The Transformer is trained from scratch on a small, aligned dataset of English and Sanskrit sentences. It learns to translate from a source to a target language by recognizing a special direction token prepended to the input sequence (e.g., [<eng_to_sanskrit>]).
.
├── configs/
│ └── config.yaml # Hyperparameters and model settings
├── src/
│ └── main.py # Main training and inference script
├── README.md # Project documentation
├── requirements.txt # Python dependencies
├── .github/ # GitHub Actions CI/CD workflows
│ └── workflows/
│ └── ci.yml
└── jenkins/ # Jenkins Pipeline file for Continuous Deployment
└── Jenkinsfile
-
Python 3.8+
-
A CUDA-enabled GPU (optional, but recommended)
-
Navigate to your projects directory:
cd /path/to/MLPractice/GithubProjects/bidirectional-transformer -
Activate your virtual environment:
source ../sklearn-pytorch-env-py312/bin/activate -
Install dependencies:
pip install -r requirements.txt
The main.py script will automatically create dummy data files, train the model, and perform a few test translations.
python src/main.py
You may encounter a UnicodeEncodeError when running the script in a terminal (like PowerShell) that doesn't natively support UTF-8. This is a display issue, not a bug in your code.
Solution: Set the PYTHONIOENCODING environment variable to UTF-8 before running the script.
# In your PowerShell terminal
$env:PYTHONIOENCODING="UTF-8"
python src/main.py
This ensures that the console can correctly display Unicode characters like the Sanskrit text.
To ensure a professional and reproducible workflow, this project is built with MLOps best practices.

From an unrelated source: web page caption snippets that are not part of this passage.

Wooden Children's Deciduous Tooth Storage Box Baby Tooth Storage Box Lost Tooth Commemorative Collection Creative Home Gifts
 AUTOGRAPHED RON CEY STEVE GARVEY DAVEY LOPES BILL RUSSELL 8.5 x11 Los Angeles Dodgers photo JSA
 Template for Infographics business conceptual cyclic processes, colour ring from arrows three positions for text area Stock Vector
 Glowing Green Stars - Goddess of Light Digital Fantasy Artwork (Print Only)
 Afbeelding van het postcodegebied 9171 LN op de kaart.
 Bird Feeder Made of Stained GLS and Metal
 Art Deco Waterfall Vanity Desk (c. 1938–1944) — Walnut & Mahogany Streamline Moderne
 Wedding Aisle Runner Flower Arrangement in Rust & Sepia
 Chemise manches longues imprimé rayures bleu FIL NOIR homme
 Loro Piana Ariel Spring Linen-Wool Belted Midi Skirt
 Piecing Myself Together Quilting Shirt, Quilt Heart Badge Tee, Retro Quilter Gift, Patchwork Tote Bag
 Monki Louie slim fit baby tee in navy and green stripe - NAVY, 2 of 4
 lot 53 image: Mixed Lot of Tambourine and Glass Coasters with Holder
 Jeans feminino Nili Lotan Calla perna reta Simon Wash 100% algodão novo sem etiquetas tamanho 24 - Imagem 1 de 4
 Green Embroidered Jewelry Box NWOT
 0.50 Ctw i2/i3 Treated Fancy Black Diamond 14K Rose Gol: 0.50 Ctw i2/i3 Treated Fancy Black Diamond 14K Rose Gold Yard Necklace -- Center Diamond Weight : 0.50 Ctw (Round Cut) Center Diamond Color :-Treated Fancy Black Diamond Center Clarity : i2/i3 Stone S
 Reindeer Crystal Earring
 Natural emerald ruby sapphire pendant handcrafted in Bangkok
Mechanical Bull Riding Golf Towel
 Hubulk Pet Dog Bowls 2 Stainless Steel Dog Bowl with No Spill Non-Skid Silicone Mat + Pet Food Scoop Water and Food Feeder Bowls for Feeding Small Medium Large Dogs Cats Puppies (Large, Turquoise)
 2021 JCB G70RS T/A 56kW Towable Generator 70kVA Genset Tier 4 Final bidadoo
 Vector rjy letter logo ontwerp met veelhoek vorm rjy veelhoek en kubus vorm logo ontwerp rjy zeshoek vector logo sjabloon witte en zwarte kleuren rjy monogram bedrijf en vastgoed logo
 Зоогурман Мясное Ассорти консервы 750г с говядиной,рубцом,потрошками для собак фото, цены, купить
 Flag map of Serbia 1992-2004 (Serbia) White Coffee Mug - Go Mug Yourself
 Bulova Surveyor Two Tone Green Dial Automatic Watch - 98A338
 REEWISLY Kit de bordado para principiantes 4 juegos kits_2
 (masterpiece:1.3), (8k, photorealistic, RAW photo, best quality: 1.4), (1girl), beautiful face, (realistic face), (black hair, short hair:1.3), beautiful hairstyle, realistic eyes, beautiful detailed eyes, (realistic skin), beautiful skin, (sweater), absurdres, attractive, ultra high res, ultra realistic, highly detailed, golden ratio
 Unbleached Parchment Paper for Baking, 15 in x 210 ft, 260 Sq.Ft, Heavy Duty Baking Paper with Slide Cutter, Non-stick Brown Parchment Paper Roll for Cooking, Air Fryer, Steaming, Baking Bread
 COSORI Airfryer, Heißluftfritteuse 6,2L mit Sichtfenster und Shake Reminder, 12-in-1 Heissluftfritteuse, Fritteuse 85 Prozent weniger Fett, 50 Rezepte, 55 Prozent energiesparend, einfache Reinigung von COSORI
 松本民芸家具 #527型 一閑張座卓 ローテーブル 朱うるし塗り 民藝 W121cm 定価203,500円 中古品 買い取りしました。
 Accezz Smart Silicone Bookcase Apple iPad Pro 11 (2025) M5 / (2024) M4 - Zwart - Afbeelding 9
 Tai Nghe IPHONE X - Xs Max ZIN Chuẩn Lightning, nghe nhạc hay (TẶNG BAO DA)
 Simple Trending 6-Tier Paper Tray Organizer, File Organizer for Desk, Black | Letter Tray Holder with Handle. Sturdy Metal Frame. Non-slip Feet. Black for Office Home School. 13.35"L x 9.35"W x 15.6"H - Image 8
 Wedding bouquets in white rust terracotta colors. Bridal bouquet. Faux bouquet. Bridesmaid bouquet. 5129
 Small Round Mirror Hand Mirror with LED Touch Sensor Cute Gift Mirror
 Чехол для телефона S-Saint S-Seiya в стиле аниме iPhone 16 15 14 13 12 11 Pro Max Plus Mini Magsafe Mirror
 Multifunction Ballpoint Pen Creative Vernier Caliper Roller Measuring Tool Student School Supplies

A Dockerfile is included to containerize the entire environment. This guarantees that the project runs consistently across different machines.
# Build the Docker image
docker build -t bidirectional-transformer:latest .
# Run the training script inside the container
docker run --gpus all bidirectional-transformer:latest python3.10 src/main.py
The .github/workflows/ci.yml file defines a CI pipeline to automatically run linting and test the training script on every push, ensuring code quality and functionality.
The jenkins/Jenkinsfile provides a deployment script for a Jenkins server. This automates the process of building and pushing the Docker image for production deployment.